Roger whipp'd, and Roger spurr'd,
Distilling drops of fear!
But while he spurr'd, still, still he heard
The wanton Dumpling at his rear.

'Twas dawn;—he look'd behind him, in the chase;
When, lo! the features of fat John,—
His beaver up, and pressing on,
Glar'd, ghastly, in the wretched Roger's face!

The Miller's mare, who oft had gone the way,
Scamper'd with Roger into Norwich Town;
And, there, to all the market-folks' dismay,
Old Dumpling beat the mare, with Roger, down.

Brief let me be;—the Story soon took air;—
For Townsmen are inquisitive, of course,
When a live Monk rides in upon a Mare,
Chased by a dead one, arm'd, upon a Horse.

Sir Thomas up to London sped, full fast,
To beg his life, and lands, of Royal Harry;
And, for his services, in Gallia, past,
His suit did not miscarry:———

For, in those days,—thank Heaven they are mended!—
Kings hang'd poor Rogues, while rich ones were befriended.

YE CRITICKS, and ye HYPER-CRITICKS!—who
Have deign'd (in reading this my story thro')
A patient, or impatient, ear to lend me,—
If, as I humbly amble, ye complain
I give my Pegasus too loose a rein,
'Tis time to call my Betters, to defend me.

Come, SWIFT! who made so merry with the Nine;
With thy far bolder Muse, Oh shelter mine!
When she is styled a slattern, and a trollop;—
Force stubborn Gravity to doff his gloom;
Point to thy Cælia, and thy Dressing-Room,
Thy Nymph at bed-time, and thy famed Maw-Wallop!

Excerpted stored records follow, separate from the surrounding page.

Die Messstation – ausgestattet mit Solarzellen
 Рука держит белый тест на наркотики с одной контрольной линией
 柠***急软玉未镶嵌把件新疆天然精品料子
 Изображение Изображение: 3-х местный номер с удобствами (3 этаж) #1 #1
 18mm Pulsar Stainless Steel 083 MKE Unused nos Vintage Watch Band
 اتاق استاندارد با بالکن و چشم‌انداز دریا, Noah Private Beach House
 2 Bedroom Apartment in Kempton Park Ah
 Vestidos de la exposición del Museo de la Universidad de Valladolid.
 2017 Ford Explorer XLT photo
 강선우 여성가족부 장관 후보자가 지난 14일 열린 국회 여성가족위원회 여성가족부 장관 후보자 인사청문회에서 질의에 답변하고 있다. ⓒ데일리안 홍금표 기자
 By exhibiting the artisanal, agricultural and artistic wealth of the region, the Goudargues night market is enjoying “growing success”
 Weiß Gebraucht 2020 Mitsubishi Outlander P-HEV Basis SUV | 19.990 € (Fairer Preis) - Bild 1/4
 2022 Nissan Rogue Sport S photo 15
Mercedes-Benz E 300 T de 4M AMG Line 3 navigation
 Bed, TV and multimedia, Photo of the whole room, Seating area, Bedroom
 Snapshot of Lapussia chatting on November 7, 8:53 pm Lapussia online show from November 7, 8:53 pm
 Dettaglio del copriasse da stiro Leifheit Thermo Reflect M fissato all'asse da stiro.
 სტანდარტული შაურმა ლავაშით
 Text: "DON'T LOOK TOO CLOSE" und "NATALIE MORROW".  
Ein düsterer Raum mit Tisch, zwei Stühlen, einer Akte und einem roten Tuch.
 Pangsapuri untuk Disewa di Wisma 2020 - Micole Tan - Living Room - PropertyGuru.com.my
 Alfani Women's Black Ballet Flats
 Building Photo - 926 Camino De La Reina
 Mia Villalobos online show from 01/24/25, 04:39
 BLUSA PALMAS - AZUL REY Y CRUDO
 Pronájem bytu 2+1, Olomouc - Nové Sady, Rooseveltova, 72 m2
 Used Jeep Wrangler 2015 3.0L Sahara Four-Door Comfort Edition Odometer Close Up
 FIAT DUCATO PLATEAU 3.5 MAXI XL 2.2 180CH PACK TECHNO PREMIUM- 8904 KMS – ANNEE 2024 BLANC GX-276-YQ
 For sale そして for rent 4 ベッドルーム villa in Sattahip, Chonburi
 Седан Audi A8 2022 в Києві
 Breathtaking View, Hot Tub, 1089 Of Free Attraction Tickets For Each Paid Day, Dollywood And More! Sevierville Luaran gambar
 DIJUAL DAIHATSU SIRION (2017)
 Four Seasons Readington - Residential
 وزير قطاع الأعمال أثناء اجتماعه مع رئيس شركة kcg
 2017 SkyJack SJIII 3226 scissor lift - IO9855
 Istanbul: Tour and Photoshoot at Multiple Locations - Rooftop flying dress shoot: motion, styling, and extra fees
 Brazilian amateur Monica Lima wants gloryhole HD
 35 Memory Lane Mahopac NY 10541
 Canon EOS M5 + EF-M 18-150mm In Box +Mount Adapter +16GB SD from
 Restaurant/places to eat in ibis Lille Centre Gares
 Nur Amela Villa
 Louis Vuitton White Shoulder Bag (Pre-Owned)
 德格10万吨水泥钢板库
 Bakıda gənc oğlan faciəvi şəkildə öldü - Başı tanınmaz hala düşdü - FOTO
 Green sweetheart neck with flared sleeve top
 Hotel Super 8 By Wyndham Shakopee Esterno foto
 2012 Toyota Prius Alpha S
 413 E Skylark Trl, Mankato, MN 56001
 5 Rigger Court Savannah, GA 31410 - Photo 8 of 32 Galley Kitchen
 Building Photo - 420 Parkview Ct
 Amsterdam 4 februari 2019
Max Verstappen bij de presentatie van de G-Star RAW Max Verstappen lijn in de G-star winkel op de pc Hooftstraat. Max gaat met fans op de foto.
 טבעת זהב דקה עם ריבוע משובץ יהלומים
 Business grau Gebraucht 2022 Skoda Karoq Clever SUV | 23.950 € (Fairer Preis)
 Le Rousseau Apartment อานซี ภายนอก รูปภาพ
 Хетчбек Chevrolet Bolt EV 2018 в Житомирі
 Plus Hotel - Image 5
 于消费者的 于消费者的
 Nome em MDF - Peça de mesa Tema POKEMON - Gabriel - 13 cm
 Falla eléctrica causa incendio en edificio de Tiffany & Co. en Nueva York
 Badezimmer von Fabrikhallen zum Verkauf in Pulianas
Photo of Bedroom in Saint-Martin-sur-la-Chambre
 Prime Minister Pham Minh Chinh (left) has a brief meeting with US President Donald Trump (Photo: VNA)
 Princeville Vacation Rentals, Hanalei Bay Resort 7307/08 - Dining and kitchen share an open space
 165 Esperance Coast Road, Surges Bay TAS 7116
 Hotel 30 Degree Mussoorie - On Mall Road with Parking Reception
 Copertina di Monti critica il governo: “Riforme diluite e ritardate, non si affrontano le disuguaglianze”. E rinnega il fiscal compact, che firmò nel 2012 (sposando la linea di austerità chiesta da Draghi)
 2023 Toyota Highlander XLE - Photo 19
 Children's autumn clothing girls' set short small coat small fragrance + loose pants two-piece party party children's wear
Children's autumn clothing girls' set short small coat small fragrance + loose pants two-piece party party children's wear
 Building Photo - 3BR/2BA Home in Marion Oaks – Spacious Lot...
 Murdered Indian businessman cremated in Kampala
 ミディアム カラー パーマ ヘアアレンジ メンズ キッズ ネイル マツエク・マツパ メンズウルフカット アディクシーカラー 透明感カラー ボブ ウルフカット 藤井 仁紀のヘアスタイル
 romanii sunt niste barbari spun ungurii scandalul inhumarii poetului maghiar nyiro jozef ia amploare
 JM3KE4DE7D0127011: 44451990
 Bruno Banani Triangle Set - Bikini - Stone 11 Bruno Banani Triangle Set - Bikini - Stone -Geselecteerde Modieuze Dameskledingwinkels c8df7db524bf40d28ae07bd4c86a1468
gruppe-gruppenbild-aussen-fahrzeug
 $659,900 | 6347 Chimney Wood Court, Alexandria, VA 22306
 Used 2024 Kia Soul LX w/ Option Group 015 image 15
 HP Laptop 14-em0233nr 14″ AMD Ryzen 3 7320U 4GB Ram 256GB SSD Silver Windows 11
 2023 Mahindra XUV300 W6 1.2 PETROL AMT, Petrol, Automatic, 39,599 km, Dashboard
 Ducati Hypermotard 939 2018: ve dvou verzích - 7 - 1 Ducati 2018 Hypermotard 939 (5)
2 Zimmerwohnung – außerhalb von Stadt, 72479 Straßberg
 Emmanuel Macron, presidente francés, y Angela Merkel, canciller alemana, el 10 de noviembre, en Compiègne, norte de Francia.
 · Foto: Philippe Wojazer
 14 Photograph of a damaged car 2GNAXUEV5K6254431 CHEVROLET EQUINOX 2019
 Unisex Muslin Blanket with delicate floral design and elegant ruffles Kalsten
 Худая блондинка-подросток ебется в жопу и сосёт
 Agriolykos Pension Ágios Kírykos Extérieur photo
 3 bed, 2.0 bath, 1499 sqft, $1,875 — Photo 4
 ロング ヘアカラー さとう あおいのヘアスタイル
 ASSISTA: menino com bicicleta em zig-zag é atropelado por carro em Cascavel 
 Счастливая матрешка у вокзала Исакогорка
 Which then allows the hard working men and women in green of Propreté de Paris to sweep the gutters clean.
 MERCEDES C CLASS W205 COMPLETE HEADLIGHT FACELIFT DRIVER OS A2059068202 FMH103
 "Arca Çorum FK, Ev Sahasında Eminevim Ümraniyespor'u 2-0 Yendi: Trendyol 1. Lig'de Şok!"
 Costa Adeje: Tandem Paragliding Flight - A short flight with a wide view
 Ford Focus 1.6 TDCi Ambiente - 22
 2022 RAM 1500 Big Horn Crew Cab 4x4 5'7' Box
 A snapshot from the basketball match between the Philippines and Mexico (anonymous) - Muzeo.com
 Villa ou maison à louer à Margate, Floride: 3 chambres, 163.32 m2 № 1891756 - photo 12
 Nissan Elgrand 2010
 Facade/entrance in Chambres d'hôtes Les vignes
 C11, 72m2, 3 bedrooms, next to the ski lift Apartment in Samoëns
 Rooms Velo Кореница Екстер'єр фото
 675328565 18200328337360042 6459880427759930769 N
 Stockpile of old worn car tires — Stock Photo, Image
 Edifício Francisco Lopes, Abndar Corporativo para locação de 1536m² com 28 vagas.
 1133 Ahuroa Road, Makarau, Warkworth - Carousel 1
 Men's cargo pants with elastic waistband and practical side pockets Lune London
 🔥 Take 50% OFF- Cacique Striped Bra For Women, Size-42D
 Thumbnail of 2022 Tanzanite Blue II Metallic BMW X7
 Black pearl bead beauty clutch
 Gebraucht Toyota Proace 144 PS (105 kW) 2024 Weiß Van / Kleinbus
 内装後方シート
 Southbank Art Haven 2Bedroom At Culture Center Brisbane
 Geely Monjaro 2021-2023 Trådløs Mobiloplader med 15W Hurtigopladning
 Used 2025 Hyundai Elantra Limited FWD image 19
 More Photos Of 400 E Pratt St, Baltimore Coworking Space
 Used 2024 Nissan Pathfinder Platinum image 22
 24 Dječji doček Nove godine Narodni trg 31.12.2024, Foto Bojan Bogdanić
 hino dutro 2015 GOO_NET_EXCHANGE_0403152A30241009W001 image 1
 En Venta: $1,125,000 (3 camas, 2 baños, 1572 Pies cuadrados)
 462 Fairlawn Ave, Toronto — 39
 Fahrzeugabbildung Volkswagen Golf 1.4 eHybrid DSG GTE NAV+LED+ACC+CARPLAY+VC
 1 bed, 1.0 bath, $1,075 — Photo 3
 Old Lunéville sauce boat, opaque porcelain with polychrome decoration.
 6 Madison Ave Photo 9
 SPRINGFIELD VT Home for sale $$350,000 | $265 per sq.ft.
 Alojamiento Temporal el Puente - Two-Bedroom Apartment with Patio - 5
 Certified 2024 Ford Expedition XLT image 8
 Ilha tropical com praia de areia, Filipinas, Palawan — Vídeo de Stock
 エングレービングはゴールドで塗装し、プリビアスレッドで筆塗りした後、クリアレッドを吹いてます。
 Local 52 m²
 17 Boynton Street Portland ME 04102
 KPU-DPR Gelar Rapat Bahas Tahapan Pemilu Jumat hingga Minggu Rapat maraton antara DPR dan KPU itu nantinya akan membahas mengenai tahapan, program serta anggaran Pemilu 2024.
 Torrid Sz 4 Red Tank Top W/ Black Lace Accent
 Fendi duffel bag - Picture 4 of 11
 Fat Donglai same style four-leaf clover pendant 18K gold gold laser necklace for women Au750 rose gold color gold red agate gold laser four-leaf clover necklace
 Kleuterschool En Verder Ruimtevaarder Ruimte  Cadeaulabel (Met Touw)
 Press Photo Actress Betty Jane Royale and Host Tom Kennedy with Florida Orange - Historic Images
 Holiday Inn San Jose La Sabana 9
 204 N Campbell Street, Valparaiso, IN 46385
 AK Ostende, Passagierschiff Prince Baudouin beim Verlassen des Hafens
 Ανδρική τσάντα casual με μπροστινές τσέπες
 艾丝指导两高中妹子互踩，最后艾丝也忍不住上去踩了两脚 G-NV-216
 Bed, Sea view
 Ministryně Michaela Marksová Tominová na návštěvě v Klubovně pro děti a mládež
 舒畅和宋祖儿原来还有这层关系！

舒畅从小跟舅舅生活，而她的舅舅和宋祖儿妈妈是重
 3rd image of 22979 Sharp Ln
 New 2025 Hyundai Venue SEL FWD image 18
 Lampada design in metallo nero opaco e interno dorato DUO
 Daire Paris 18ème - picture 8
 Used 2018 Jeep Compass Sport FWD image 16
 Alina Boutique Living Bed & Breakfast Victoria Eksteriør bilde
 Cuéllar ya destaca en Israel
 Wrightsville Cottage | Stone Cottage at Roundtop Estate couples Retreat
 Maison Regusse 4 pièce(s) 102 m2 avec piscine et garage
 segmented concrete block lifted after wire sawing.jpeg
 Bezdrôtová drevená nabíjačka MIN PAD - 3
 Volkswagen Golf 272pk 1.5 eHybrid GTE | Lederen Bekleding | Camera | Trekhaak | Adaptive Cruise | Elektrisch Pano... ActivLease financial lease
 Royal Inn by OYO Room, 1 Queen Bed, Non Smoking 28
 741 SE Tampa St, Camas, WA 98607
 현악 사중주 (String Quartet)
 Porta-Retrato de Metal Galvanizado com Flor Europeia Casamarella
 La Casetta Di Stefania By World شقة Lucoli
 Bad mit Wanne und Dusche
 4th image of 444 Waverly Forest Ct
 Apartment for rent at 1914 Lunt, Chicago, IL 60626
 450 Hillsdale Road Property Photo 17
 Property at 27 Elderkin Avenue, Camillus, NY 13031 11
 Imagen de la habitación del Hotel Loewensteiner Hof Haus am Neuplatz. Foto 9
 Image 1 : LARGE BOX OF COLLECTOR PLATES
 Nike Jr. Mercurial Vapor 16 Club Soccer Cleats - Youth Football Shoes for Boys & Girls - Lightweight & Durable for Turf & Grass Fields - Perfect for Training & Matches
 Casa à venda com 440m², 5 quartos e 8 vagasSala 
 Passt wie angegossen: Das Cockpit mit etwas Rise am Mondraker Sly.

Come STERNE!—whose prose, with all a Poet's art,
Tickles the fancy, while it melts the heart!—
Since at apologies I ne'er was handy,—
Come, while fastidious Readers run me hard,
And screen, sly playful wag! a hapless Bard,
Behind one volume of thy Tristram Shandy!

Ye Two, alone!—tho' I could bring a score
Of brilliant names, and high examples, more—
Plead for me, when 'tis said I misbehave me!
And, ye, sour Censors! in your crabbed fits,
Who will not let them rescue me as Wits.
Prithee, as Parsons, suffer 'em to save me!